1. 27
  1.  

  2. 5

    Personally, the most interesting aspect about this is the different ways you could represent the same information: schemaless (tuple, dict) vs schemaful (data class, named tuple), limited (NumPy arrays) vs effectively unlimited (others). The size of each object wouldn’t come into consideration except for extremely niche programs, such as those where the max size of each datum is known in advance (where NumPy arrays make sense).

    Also, how do each of these data types scale in memory if you have a million of them, each with a million fields?

    1. 1

      Store them in a more compact form such as pickle, and unpickle them ondemenad with a cache.

    2. 5

      This seems like it’s probably misleading, because it’s measuring the overhead of the high-level data structure and not accounting for how the size in memory will vary according to what you put in there. If you only ever store (Python) int and short strings containing code points from the latin-1 range, it’ll look very different than if you store, say, longer strings containing code points outside latin-1 (will at least double the storage for the string) or more complex types like lists or dicts.

      The string storage varies because internally Python always uses a fixed-width encoding, but chooses it per-string as the narrowest one capable of encoding the widest code point in the string — 1, 2, or 4 bytes.

      1. 2

        The string storage varies because internally Python always uses a fixed-width encoding, but chooses it per-string as the narrowest one capable of encoding the widest code point in the string — 1, 2, or 4 bytes.

        I thought that python used utf-8 internally. TIL, I guess.

        https://peps.python.org/pep-0393/

        1. 2

          As the PEP says, Python used to do either 2-byte (with surrogates) or 4-byte internal Unicode and which one was a compile-time flag baked into the interpreter. Then Python 3.3 switched to the dynamic per-string encoding choice used ever since.

          The advantages of this are that strings are always fixed-width storage — which is convenient for a lot of interactions with them, both at the Python and underlying C level — but without the inefficiency of UTF-32. There are cases where this makes better use of memory than “UTF-8 always” (since Python can get the first 256 code points in 1-byte encoding while UTF-8 can only get the first 128), and cases where it doesn’t (since a single code point past 256 switches the whole string to a wider encoding).

          1. 3

            What’s an example of an algorithm where fixed width code points is actually useful?

            1. 1

              Iterating is a lot easier with fixed width. Indexing is a lot easier with fixed width. Calculating length is a lot easier with fixed width.

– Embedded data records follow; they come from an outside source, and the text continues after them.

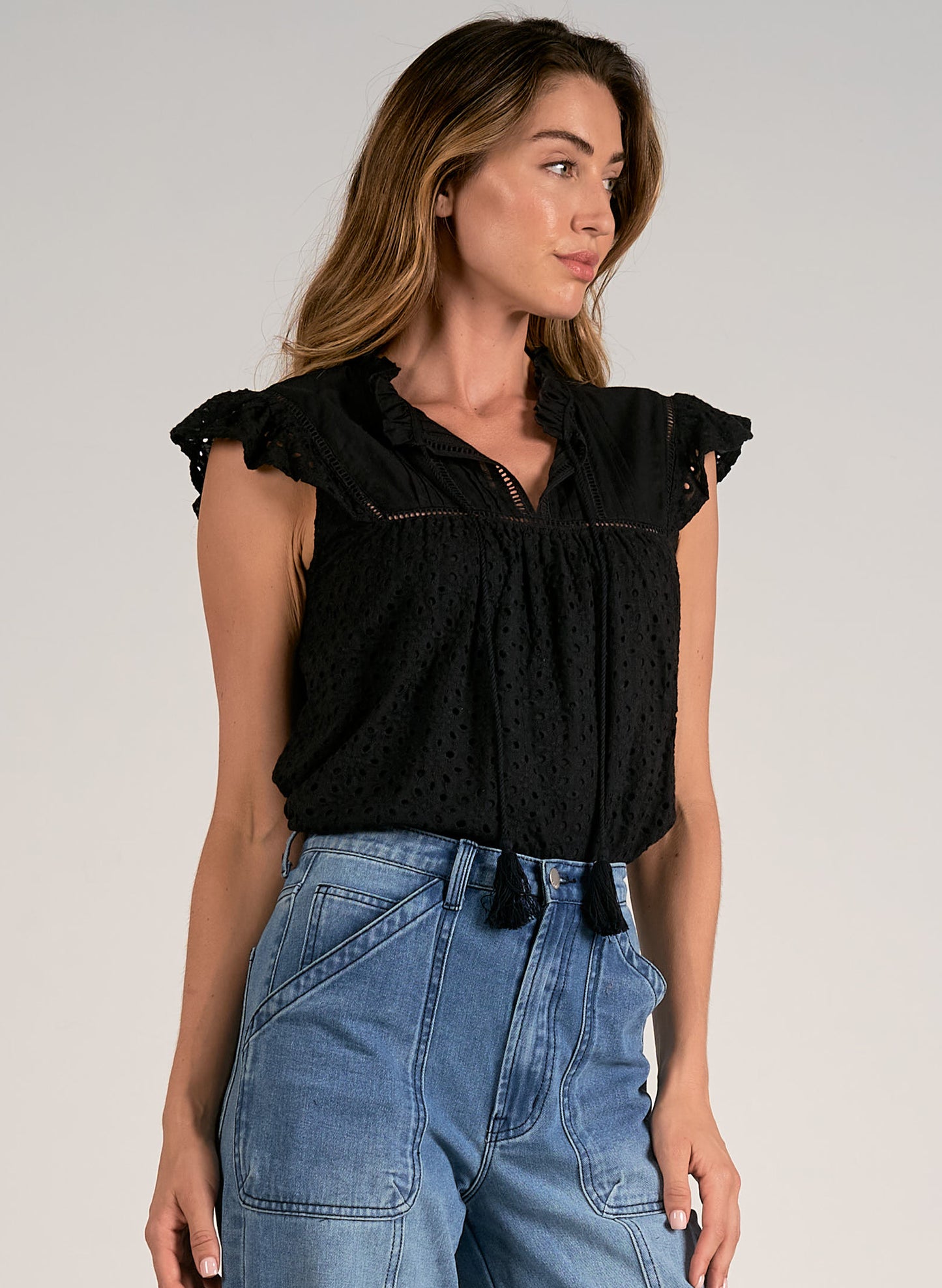 Elan Elan - Short Sleeve V-Neck Top - Black Eyelet available at The Good Life Boutique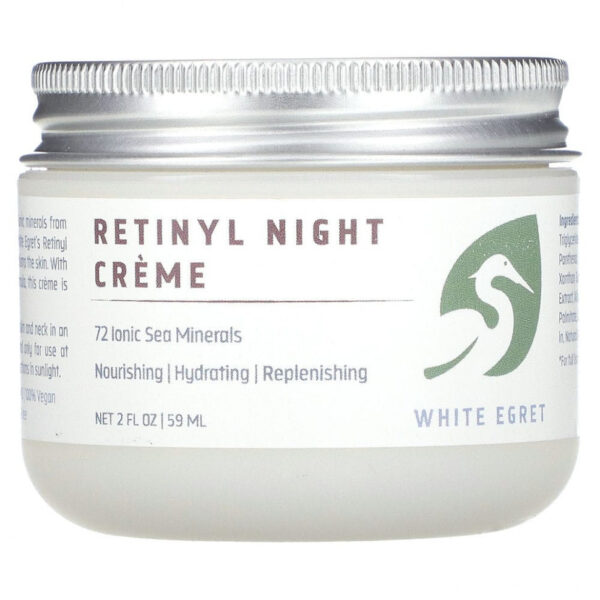 White Egret Personal Care, Ночной крем с ретинолом, 2 жидких унции (59 мл)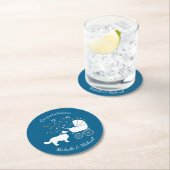 コリ縁どー犬赤ちゃんシャワーパピーブルーボーイ ラウンドペーパーコースター (インサイチュ)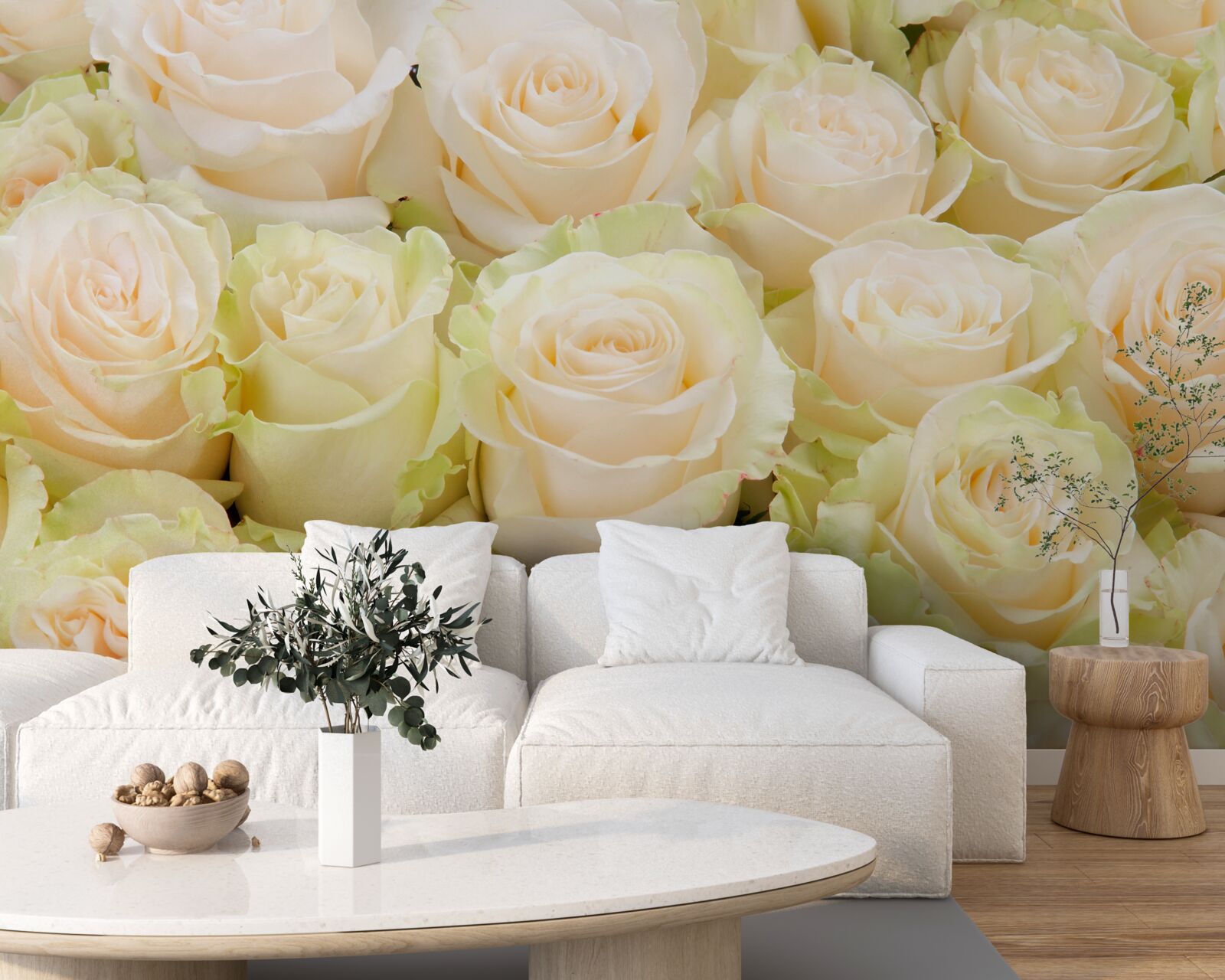 Fotobehang samenvatting van delicate beige bloemen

              I know a lot of people really like to say that you shouldn’t be allowed to do those things to Unicode, but there are enough real-world use cases which require them that there’s no reason not to have them be that little bit nicer.

              Also it avoids the issue of how to expose variable-width storage to the programmer; in the old days before PEP 393, a “narrow” (2-byte Unicode) build of Python would leak lone surrogates up to the programmer. But if you’re going to normalize them to avoid that you have a complex API design problem of how to achieve that. Currently Python strings are iterables of code points, not of bytes or code units, which is a cleaner abstraction all around.

          2. 1

            Does any language use utf-8 internally? That seems like a very slow choice if you are doing a lot of string manipulation.

            1. 1

              Swift does for most purposes. If that is too slow, you are probably not dealing with proper strings.

              1. 1

                It doesn’t seem like it’s actually storing anything as UTF-8 in memory, but rather a collection of Character objects, which to me seems to be a subclass of an integer by reading the documentation. That is pretty much the OOP way of implementing strings as far as I can tell.

                1. 1

                  Storage is UTF-8 according to https://www.swift.org/blog/utf8-string/

                  A Character is a Unicode grapheme cluster and is realised on a much higher level than pure storage.

          3. 2

            Also, I don’t know if it’s still the case, but I know that it at least used to be true that Python dict aggressively resizes to keep the hash table sparse, so even if you use the lowest-memory-overhead container you can find, putting even a single dict inside that container is likely to wipe out all your careful micro-optimizing choices.

          4. 1

            How useful for me! Thank you for posting this.